Breaking Up Large Documents for the Web – Part 3

by Janice (Ginny) Redish

This article is an excerpt from Ginny’s book Letting Go of the Words: Writing Web Content that Works.

Editor’s note: This is part 3 of a 3 part series. You can access part 1 and part 2 to read.

PDF—Yes or No?

You probably already know this, but just in case… PDF stands for portable document format. PDF was invented by Adobe Systems, Inc. (www.adobe.com), as a way to publish documents that anyone can read, regardless of whether they are working in the same operating system or using the same software that the document’s creator worked in.

A PDF file keeps the layout, page breaks, and fonts of the original document. With PDF, you can have a document that looks the same whether you send a paper copy to someone or that person prints it from the web.

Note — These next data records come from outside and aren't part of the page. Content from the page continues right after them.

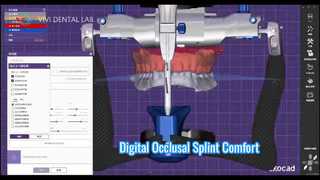 Nẹp nhai kỹ thuật số thoải mái chính xác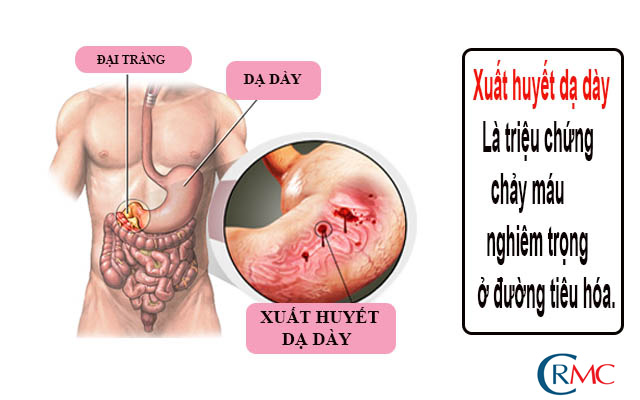 Xét Nghiệm Xuất Huyết Tiêu Hóa Chính Xác
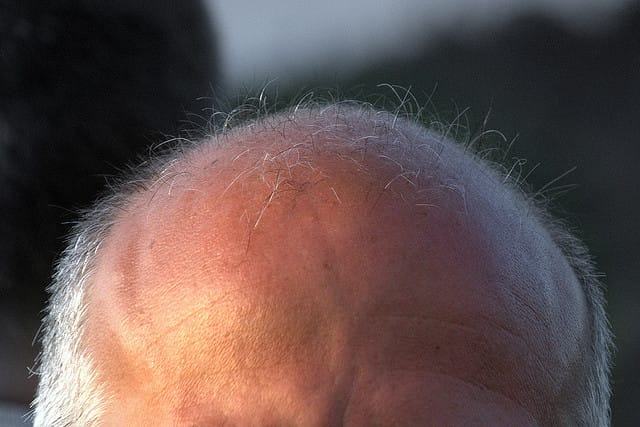 Broccoli für die Haare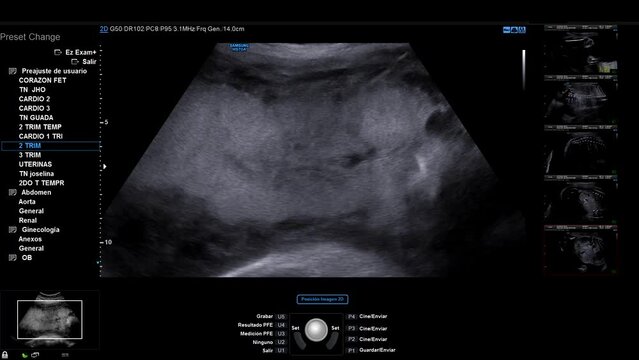 Ultrasound of a pregnant baby where his heart is observed beating, with the words of the ultrasound device system in Spanish
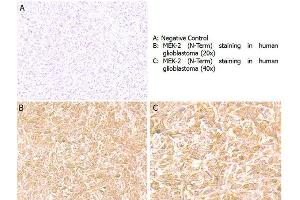 Immunohistochemistry with anti-MEK2 (N-Term) antibody showing positive staining in human glioblastoma tissue at 20x and 40x (B & C).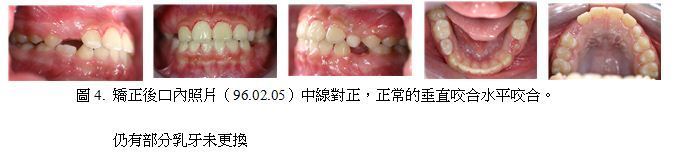 牙齒矯正,案例,前牙4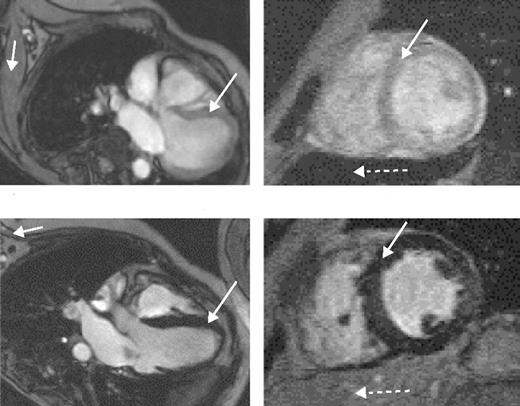Figure 5. Magnetic resonance scans in patients with thalassemia major.Left scans are horizontal long axis, the right ones mid-short axis. (A) Low myocardial iron deposition. The left ventricular volumes are normal, and myocardial signal intensity (long arrow) is similar to that arising from skeletal muscle (short arrow). Left ventricular ejection fraction was 70%. In this case, the liver is very dark (dotted arrow), indicating heavy hepatic iron deposition despite the normal myocardial appearances. (B) Severe myocardial iron overload. The myocardial signal intensity is dark (long arrow) compared with skeletal muscle (short arrow). The ventricle is dilated and thickened. Cine imaging showed greatly reduced systolic function (left ventricular ejection fraction 39%) with a restrictive filling pattern. Liver signal in this case is well preserved (dotted arrow). / Reproduced with permission from Anderson LJ, Wonke N, Prescott E, et al. Improved myocardial iron levels and ventricular function with oral deferiprone compared with subcutaneous desferrioxamine in thalassaemia. Lancet. 2002;360:516–520..9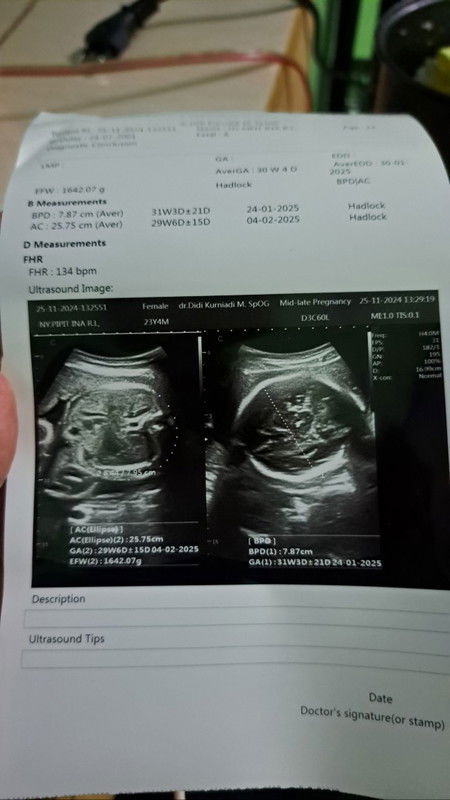 Ijin bertanya yah mom!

Anyone who has Adobe Acrobat Reader on a computer can open, read, and print the document. Most new computers today come with Acrobat Reader already installed, and Adobe allows free downloads of Acrobat Reader from its web site. Anyone who is comfortable downloading and installing software can have a copy.

Should You Rely on PDF Files for Your Web Content?

I’m not going to say, “Never put up a PDF file.” As always, it comes down to your goals, your audiences, and their scenarios.

However, realize that, with most PDF files, you are providing a paper document on the web rather than web-based information. If the document looks like a paper document or if it is large, people are likely to print it rather than read it on the screen. You have distributed the document; you have saved the printing and shipping cost; you have shifted the cost and effort of printing to your audiences—but have you really met their needs?

When Might a PDF File Be Appropriate?

If you are using the web to distribute journal articles or other material that you expect people to print and use on paper, and if your audiences are comfortable with PDF files, PDF may be the right way to go.

The web is a great distribution mechanism:

  • Many people are now more comfortable going to a search engine than trudging down to the library.
  • You can get the PDF whenever you want (no need to know when the library is open; no need to work only in the daytime).
  • A search engine may find what you want from a few keywords (no need to understand the way the library organizes the journals; no need to go hunting through the stacks; no worries that someone else will have already taken the article).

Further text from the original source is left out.